New research by London Economics has found that following various changes to student loan terms, implemented since early 2022, the Treasury are making a surplus of £679 million for the 2022/23 cohort of undergraduate student entrants in England. The research also found that the Government’s changes have had a greater adverse impact on lower- and middle-income earners, while higher earners have been much less affected.  

Young people heading to university take out student loans to cover their tuition fees as well as their living expenses through a maintenance loan. For Plan 2 students (from 2012/13 to 2022/23 in England), interest starts to accumulate while they are at University, at RPI+ 3%. They pay back 9% of their earnings over a certain threshold, which the Chancellor has recently frozen until April 2030. The freezing of this threshold will reduce the Treasury cost of student loans by £1.3 billion for the 2022/23 cohort alone. The National Union of Students have likened the Chancellor freezing the thresholds to the behaviour of a loan shark. 

In response to these new findings, the National Union of Students and the Higher Education Policy Institute are today publishing an alternative model for student loans, which would be cost-neutral for the Treasury, i.e. the Exchequer cost of funding the cohort is close to zero.  

The proposal looks at a stepped repayment system. Based on the current Plan 2 system, instead of the flat 9% repayment rate above the repayment threshold (for 30 years), they propose a marginal repayment rate of:  

  • 3% on earnings between £12,570 (the PAYE tax-free threshold) and £27,570;  
  • 5% between £27,571 and £42,570;  
  • 7% between £42,571 and £57,570; and  
  • reverting back down to 3% above £57,571.  

Income-contingent real interest rates would start at £12,570, increasing to the maximum of 3% at £42,570 (i.e. the total interest rate would be 3% + RPI at that earnings level).
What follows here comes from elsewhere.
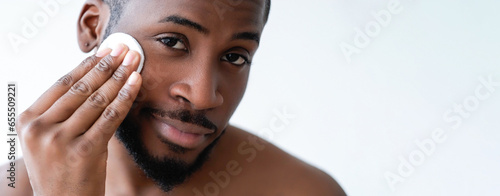 Man care. Face hygiene. Confident satisfied shirtless guy cleansing cheeks facial skin with tonic on cotton pad isolated on white background empty space.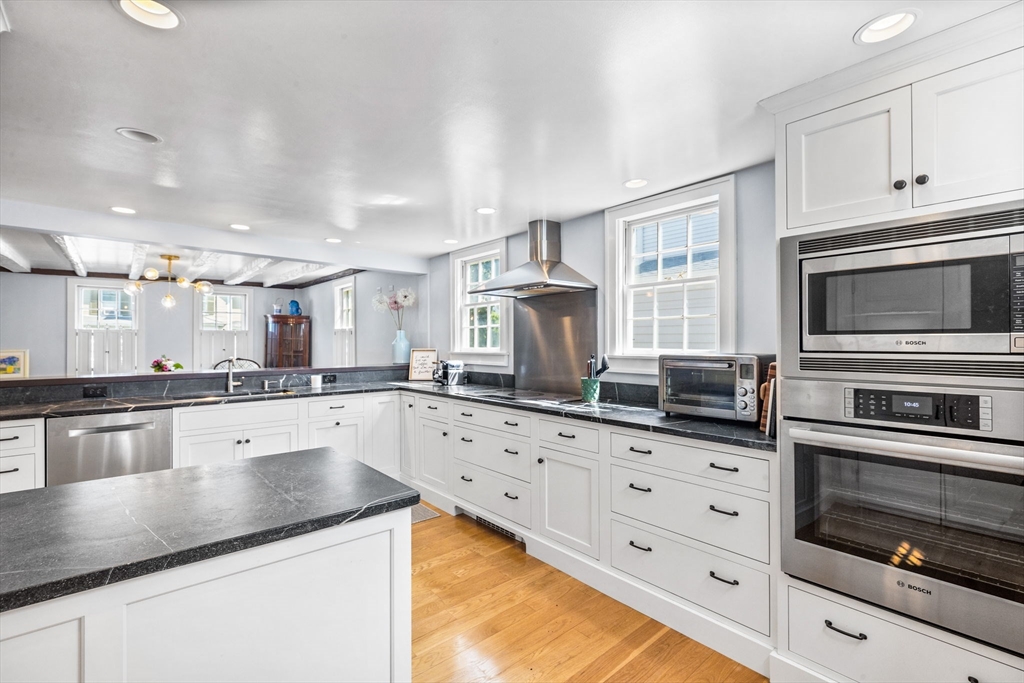 17 Pleasant Street Hingham, MA 02043 - Photo 12 of 41 a kitchen with granite countertop a stove microwave and cabinets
The repayment period stays at 30 years (as under the current Plan 2 terms). These changes would make the student loan repayment system somewhat more progressive than Plan 2, and a lot more progressive than the Plan 5 loans, which have been in place since 2023/24. The stepped repayment system also addresses affordability issues faced by graduates by lowering the marginal loan repayment rate to between 3% and 7%. 

Public pressure forced a Treasury Committee inquiry into student loans, which has been running for the past month and closes on Tuesday 14th April 2026. 
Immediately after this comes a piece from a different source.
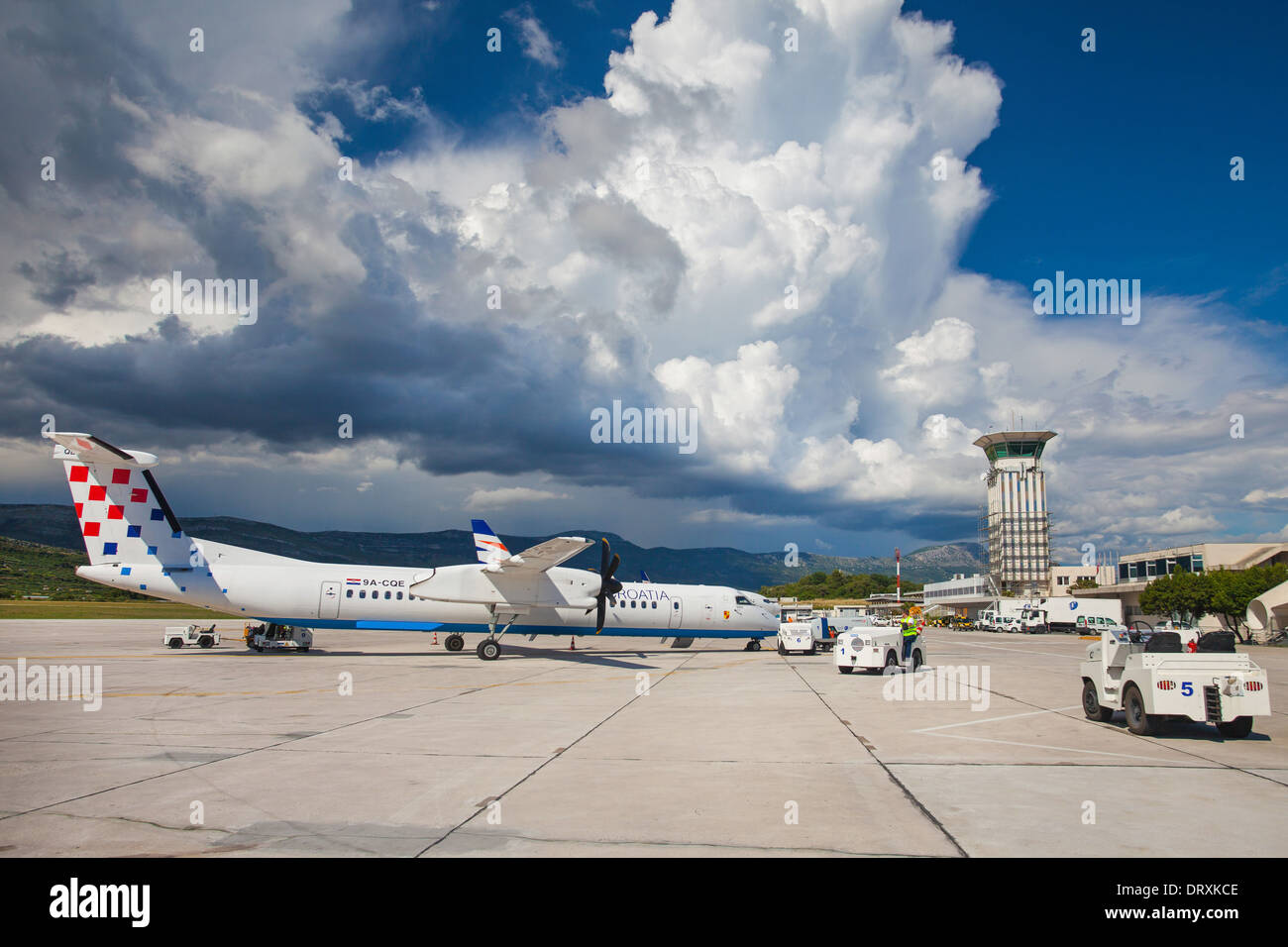 SPLIT, CROATIA - JUN 6: Croatia Airlines Dash 8 Q400 parked on a runway of Split Airport Stock Photo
Amira Campbell, National Union of Students President said:

Successive Governments have made a calculated choice – to profit off young people who were told university was the best option. Unfairness is baked into the current student loan system, where the poorer you are, the higher debt burden you face, but quite simply the Government should not be profiting from our debt. 

These past few months, we’ve seen a reckoning that young people will not stand by while politicians play with our debt and change the terms of a loan we signed before we could vote. This Labour Government now face a choice, whether to keep meddling with a broken system or choose to back the young people who are trying to build their futures.

We hope this Government, who once spoke of free tuition, will at least try to do the right thing and bring about fundamental reform of this broken student loan system. For too long, students and graduates have been at the receiving end of political decisions that harm them. This is now a question of trust. Can we trust our government to make decisions in our best interest? Or will they break that trust and keep profiting from our debt? 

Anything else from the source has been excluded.